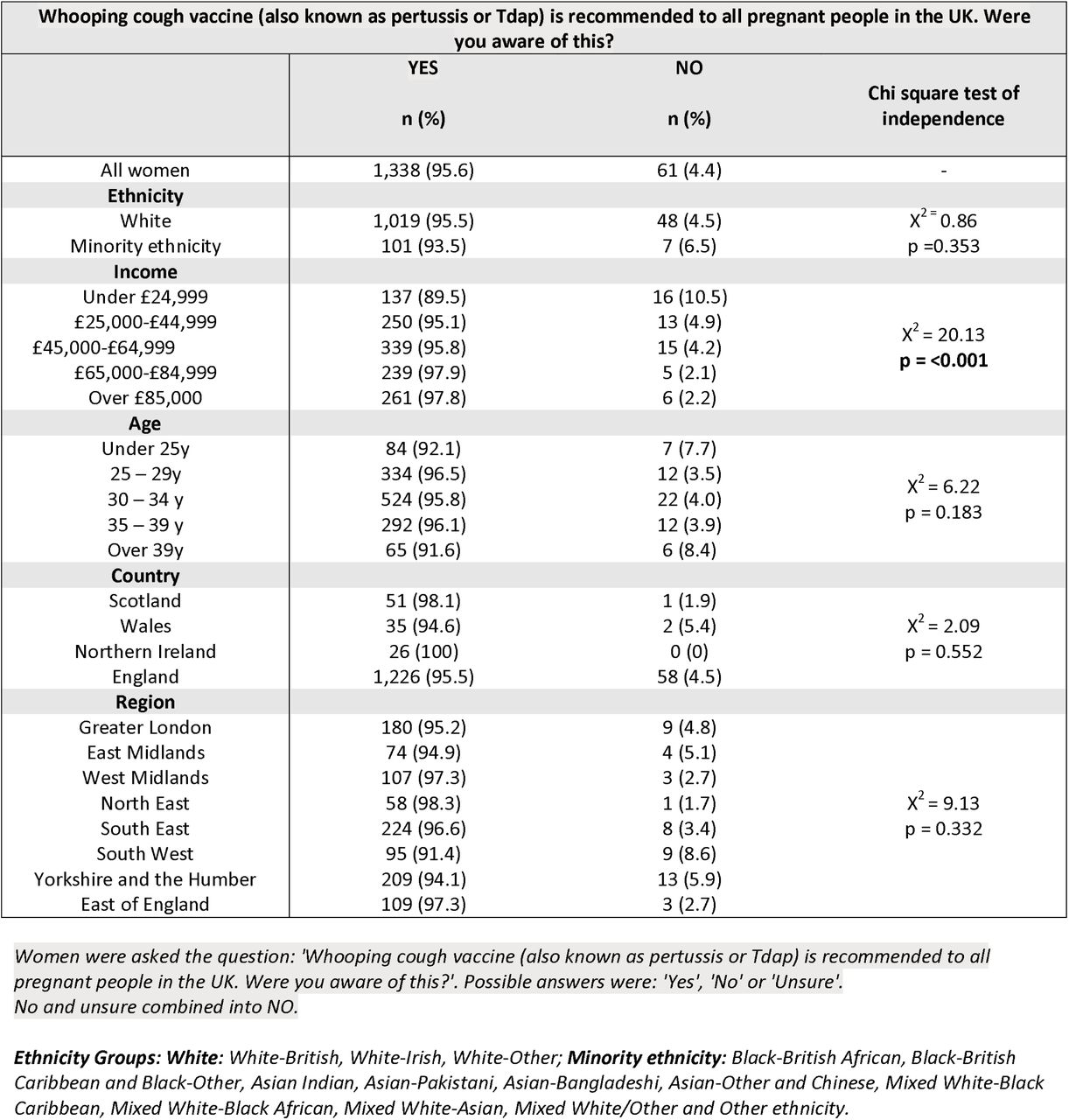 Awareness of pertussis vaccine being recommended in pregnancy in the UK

--

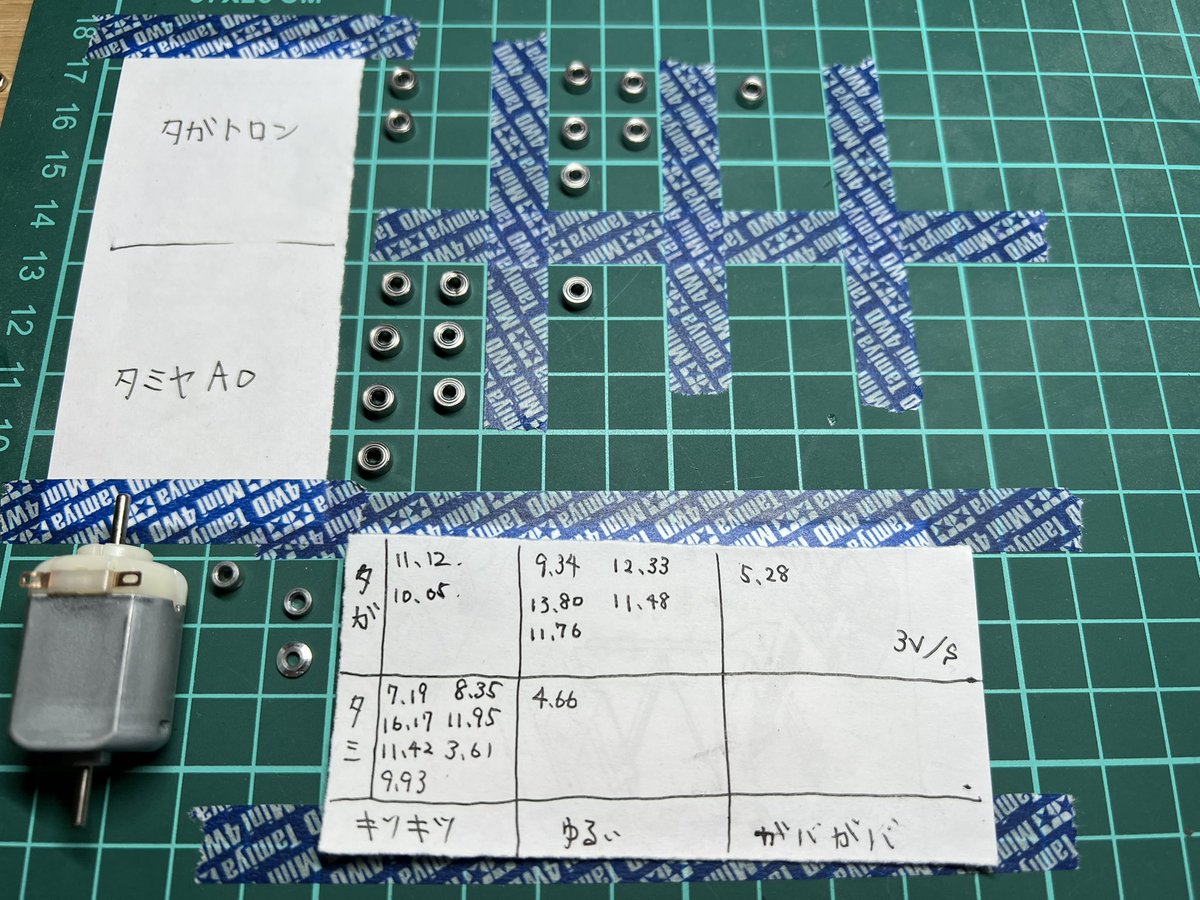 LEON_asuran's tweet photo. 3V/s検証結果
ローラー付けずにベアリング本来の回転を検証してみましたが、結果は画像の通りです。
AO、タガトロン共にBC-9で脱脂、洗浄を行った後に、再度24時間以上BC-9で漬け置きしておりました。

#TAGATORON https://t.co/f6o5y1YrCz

**Exercise objective:**
Only one part of the material above is to be transcribed, namely the lines starting with the line that has "AO、タガトロン共にBC-9" and going on through the line that has "#TAGATORON https://t.co/f6o5y1YrCz", exactly as they stand.

**Expected answer:**
AO、タガトロン共にBC-9で脱脂、洗浄を行った後に、再度24時間以上BC-9で漬け置きしておりました。

#TAGATORON https://t.co/f6o5y1YrCz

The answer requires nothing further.